INPUT MATERIAL below:
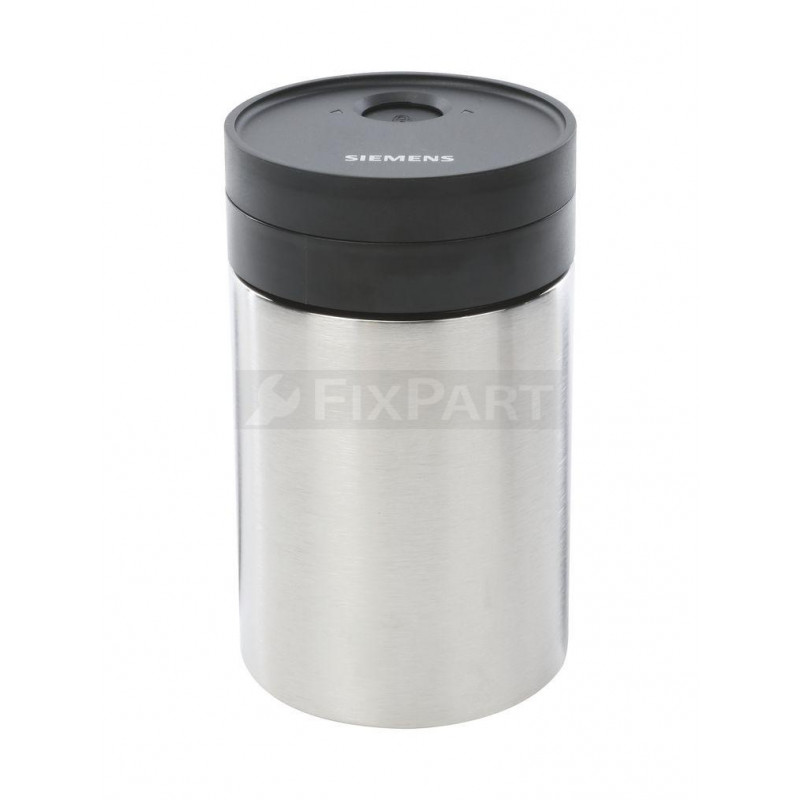 Bosch Siemens 11003591 milk tank coffee machine FixPart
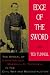 Edge of the Sword: The Ordeal of Carpetbagger Marshall H. Twitchell in the Civil War and Reconstruction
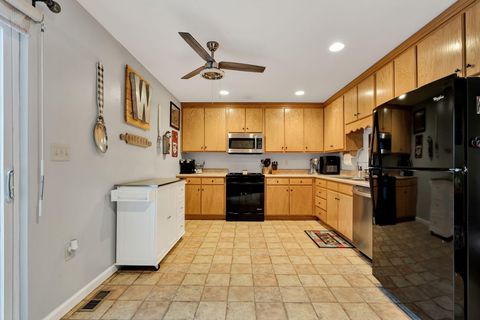 Tiny photo for 1063 Mt Carmel Road, Decatur, TN 37322 (MLS # 1527369)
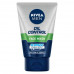 Nivea Men Oil Control Face Wash 100g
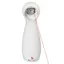 Jouet laser FroliCat Bolt Laser pour chat
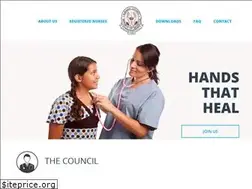 Sites similar to ncmauritius.org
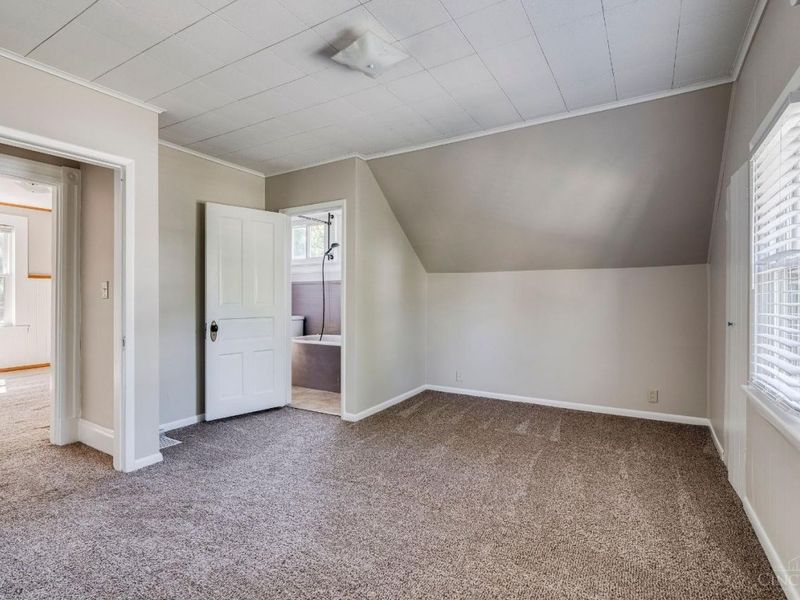 3856 Mt Vernon Avenue, Cincinnati, OH 45209 Photo 22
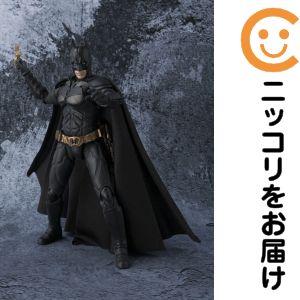 S.H. Figuarts Batman (The Dark Knight) BandaiShips Within One Week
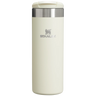 Stanley Thermosbeker - Drinkbeker - The AeroLight Transit Bottle - Cream - 470 ml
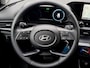 Hyundai Bayon 1.0 T-GDI Comfort / Navigatie / Achteruitrijcamera / Parkeersensoren Achter / Airco / Cruise Control /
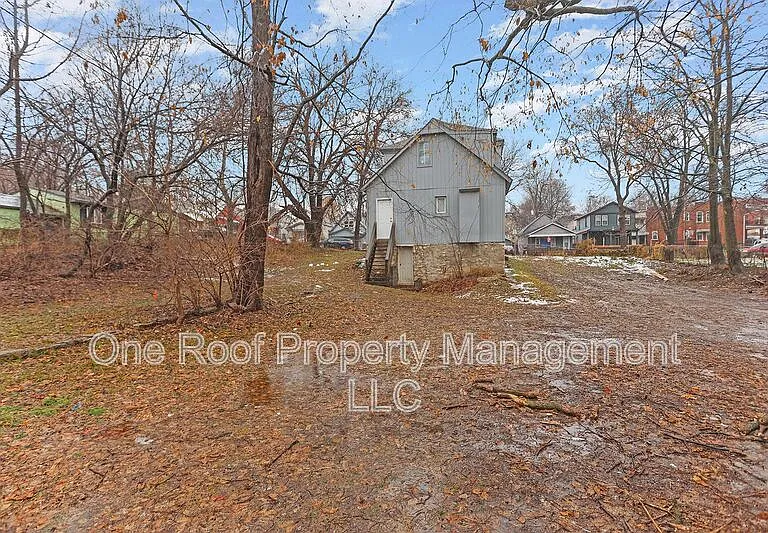3423 Garner Ave #B — Photo 20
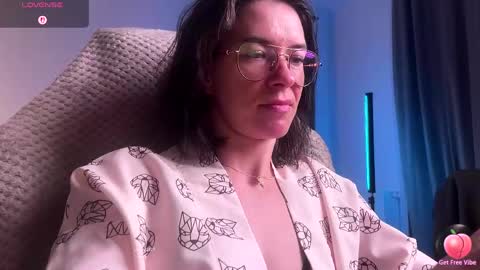 katykar online show from 05-13-26, 07:55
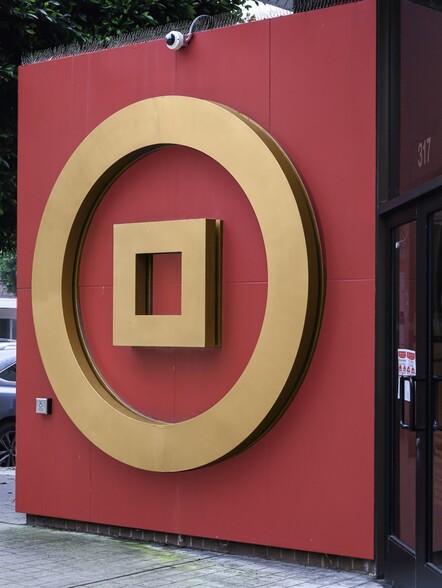 More Photos Of 317-319 6th Ave, San Francisco Bank For Sale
End of INPUT MATERIAL.
TASK DETAILS: The reply should consist only of the lines from the top of the material above through the line with "Stanley Thermosbeker - Drinkbeker", printed exactly, pictures omitted.

RESULT:
 Bosch Siemens 11003591 milk tank coffee machine FixPart
 Edge of the Sword: The Ordeal of Carpetbagger Marshall H. Twitchell in the Civil War and Reconstruction
 Tiny photo for 1063 Mt Carmel Road, Decatur, TN 37322 (MLS # 1527369)
 Nivea Men Oil Control Face Wash 100g
 Jouet laser FroliCat Bolt Laser pour chat
 Sites similar to ncmauritius.org
 3856 Mt Vernon Avenue, Cincinnati, OH 45209 Photo 22
 S.H. Figuarts Batman (The Dark Knight) BandaiShips Within One Week
 Stanley Thermosbeker - Drinkbeker - The AeroLight Transit Bottle - Cream - 470 ml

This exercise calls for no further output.